Reuters interviewed 26 coal workers across Pennsylvania and found that all but one plans to back Trump on Nov. 3. While many cited faults with the president, whose incendiary style turns some off, they fear Biden’s clean-energy plan would hasten coal’s decline, and that the new green jobs wouldn’t come quickly enough to keep their families financially secure. An experienced miner can expect to earn as much as $100,000 annually including overtime, according to the U.S. Bureau of Labor Statistics.
“There really is a very big human cost of just turning the light switch off,” on coal, said Jarrod Gieniec, 40, a miner at Silver Creek in eastern Pennsylvania’s Schuylkill County.
Recent polls show Biden ahead in Pennsylvania, helped by his strength in Philadelphia and surrounding suburbs. A Reuters/Ipsos poll from last week showed the former vice president with a narrow 3 percentage-point lead in the state, while a Washington Post-ABC News poll released Sept. 29 shows Biden with a 9 percentage-point advantage there among likely voters.
But many rural and blue-collar areas remain devoted to Trump. In Schuylkill County, for example, Republican voter registrations have surged on his watch. Republicans there held a slim 5,600-voter advantage over registered Democrats in 2016, an edge that now exceeds 17,000 voters, according to Pennsylvania voter data.
The fortunes of the coal industry have not fared as well. U.S. production peaked in 2008 at 1.2 billion tons, and it has mostly fallen since as U.S. utilities have embraced cheaper – and cleaner – natural gas. Since 2010, 252 U.S. coal-fired power plants have shut, 66 since Trump’s inauguration, according to the Sierra Club environmental group.
U.S. coal production last year sank to 706 million tons, the lowest level since 1978, when a strike crippled output. Industry employment has plummeted more than 40% since 2008 to around 46,500 workers currently.
Still, miners say Trump has earned their loyalty.
The president put a former coal lobbyist, Andrew Wheeler, at the head of the Environmental Protection Agency. Trump rolled back Obama-era rules to limit power-plant emissions and to protect streams from coal waste, signing a measure on the latter while surrounded by helmeted miners in the White House. And he pulled the United States out of the Paris agreement on climate, in part because he said it hurt U.S. coal jobs.

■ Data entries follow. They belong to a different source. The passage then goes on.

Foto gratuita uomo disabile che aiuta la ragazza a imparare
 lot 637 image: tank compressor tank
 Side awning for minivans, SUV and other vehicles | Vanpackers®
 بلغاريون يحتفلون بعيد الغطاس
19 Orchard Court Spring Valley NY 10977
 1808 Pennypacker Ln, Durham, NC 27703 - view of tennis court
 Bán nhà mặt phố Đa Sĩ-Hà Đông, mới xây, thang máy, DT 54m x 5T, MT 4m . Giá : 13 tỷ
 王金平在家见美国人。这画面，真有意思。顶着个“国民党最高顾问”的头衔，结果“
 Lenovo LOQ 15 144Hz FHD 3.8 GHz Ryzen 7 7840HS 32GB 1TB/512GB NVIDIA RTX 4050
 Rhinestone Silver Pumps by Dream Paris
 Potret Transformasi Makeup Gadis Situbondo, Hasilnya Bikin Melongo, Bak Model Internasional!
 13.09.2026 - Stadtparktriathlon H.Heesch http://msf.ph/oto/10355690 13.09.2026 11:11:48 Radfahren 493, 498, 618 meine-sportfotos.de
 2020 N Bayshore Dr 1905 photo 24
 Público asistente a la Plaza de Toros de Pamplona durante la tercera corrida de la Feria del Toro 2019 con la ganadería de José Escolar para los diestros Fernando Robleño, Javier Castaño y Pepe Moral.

Pennsylvania, with 20 Electoral College votes, is a critical battleground state that could determine whether Trump wins a second term. He carried the state by less than a percentage point in 2016 and has almost no path to victory if he doesn’t prevail there again this year.
Pennsylvania’s 5,000 coal miners remain an influential voting bloc. Their political networks are wide, and their views are similar to those of other blue-collar voters, once a stronghold of the Democratic Party, who have pivoted to Trump, said Kristyn Karl, a political scientist at Stevens Institute of Technology in New Jersey.
She pointed to 2016 polls that predicted – incorrectly – that Democrat Hillary Clinton would prevail in Pennsylvania.
“If nothing else, 2016 made a lot of political scientists and pollsters much more wary of relying so tightly on polls, and aware that small groups can have a big impact,” Karl said.
NO IMMEDIATE ELIMINATION OF COAL
Biden, a Pennsylvania native, is walking a tightrope between the old fossil-fuel interests that support blue-collar jobs and his vision for a $2-trillion transition to clean energy supported by many young voters.
At a campaign event in Pittsburgh last month, he said he would not ban fracking on private lands, a method of oil and gas drilling that has boomed in Pennsylvania. “I am not banning fracking, no matter how many times Donald Trump lies about me,” Biden said.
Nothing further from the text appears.